**Data**
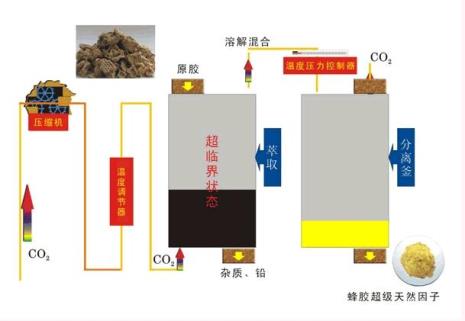 火水是酸性还是碱性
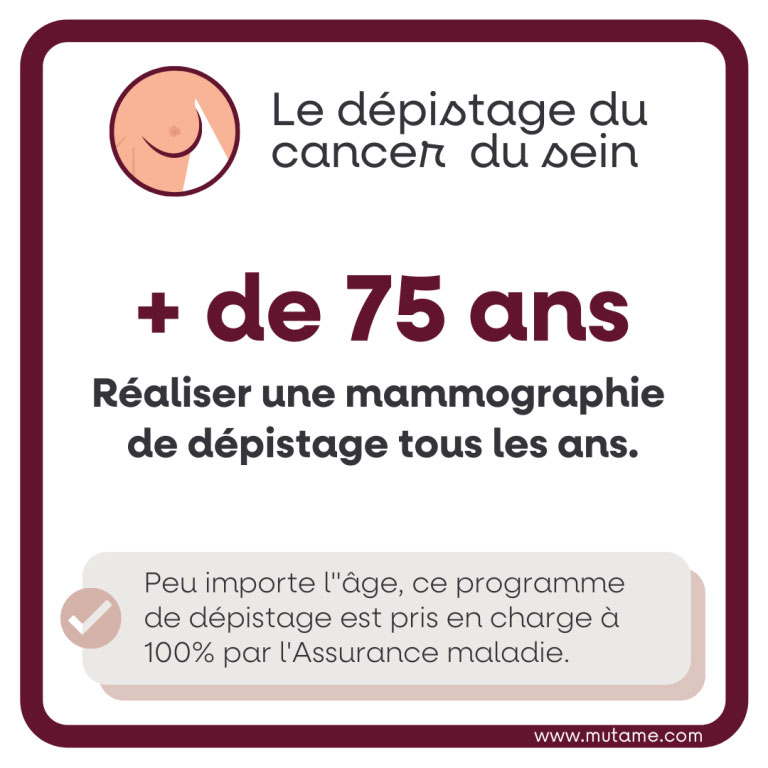 Plus de 75 ans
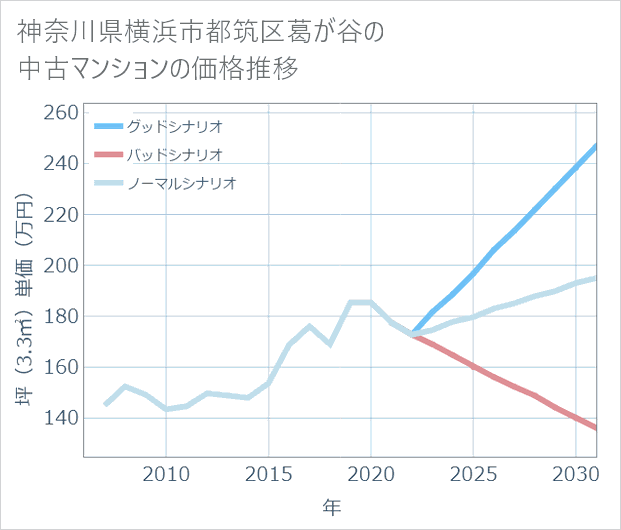 神奈川県横浜市都筑区葛が谷の中古マンション価格推移
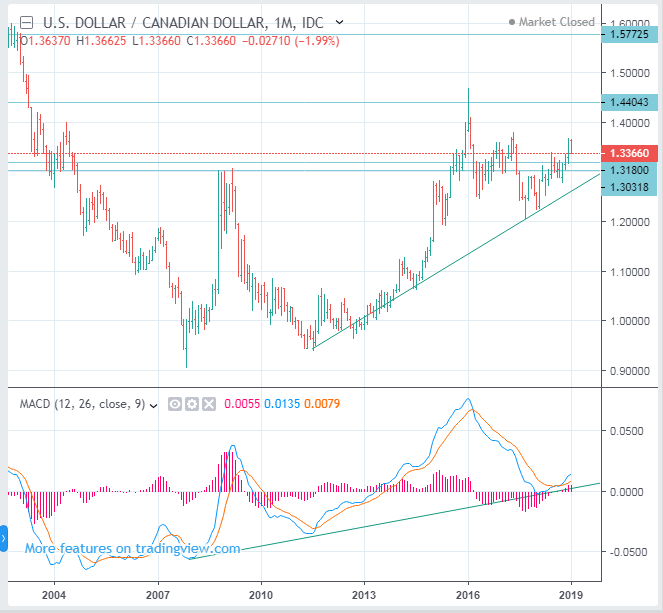 Usdcad Long Term Forecast Us Dollar To Canadian Rate Usdcad Long Term Forecast Us Dollar To Canadian Rate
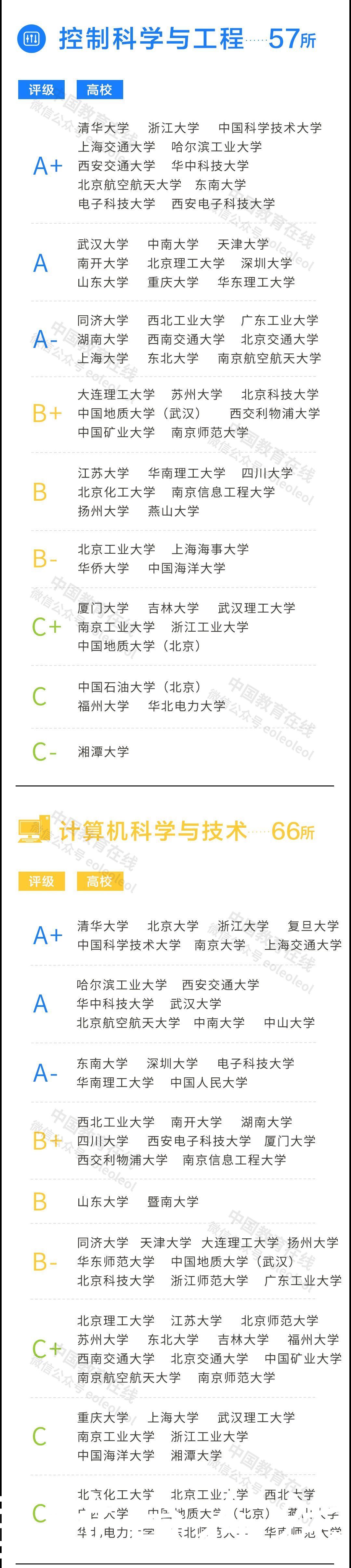 重磅！2021年度泰晤士高等教育中国学科评级发布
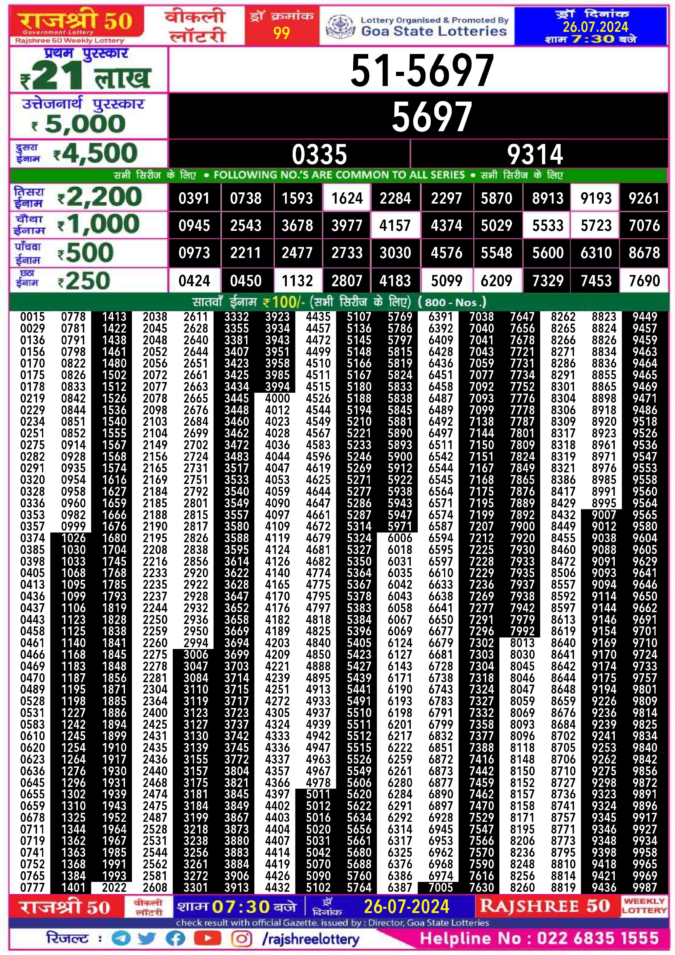 Dear Lottery Chart 2024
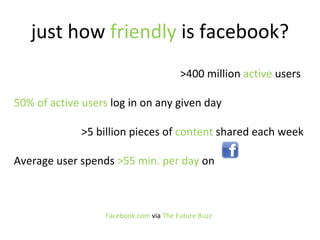 just how  friendly  is facebook? >400 million  active  users  50% of active users  log in on any given day  >5 billion pieces of  content  shared each week Average user spends  >55 min. per day  on Facebook.com  via  The Future Buzz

**Task brief**
Extract, word for word, every line from the one holding "Dear Lottery Chart 2024" through the closing line of the data above. Do not include any pictures.

**Finished task**
 Dear Lottery Chart 2024
 just how  friendly  is facebook? >400 million  active  users  50% of active users  log in on any given day  >5 billion pieces of  content  shared each week Average user spends  >55 min. per day  on Facebook.com  via  The Future Buzz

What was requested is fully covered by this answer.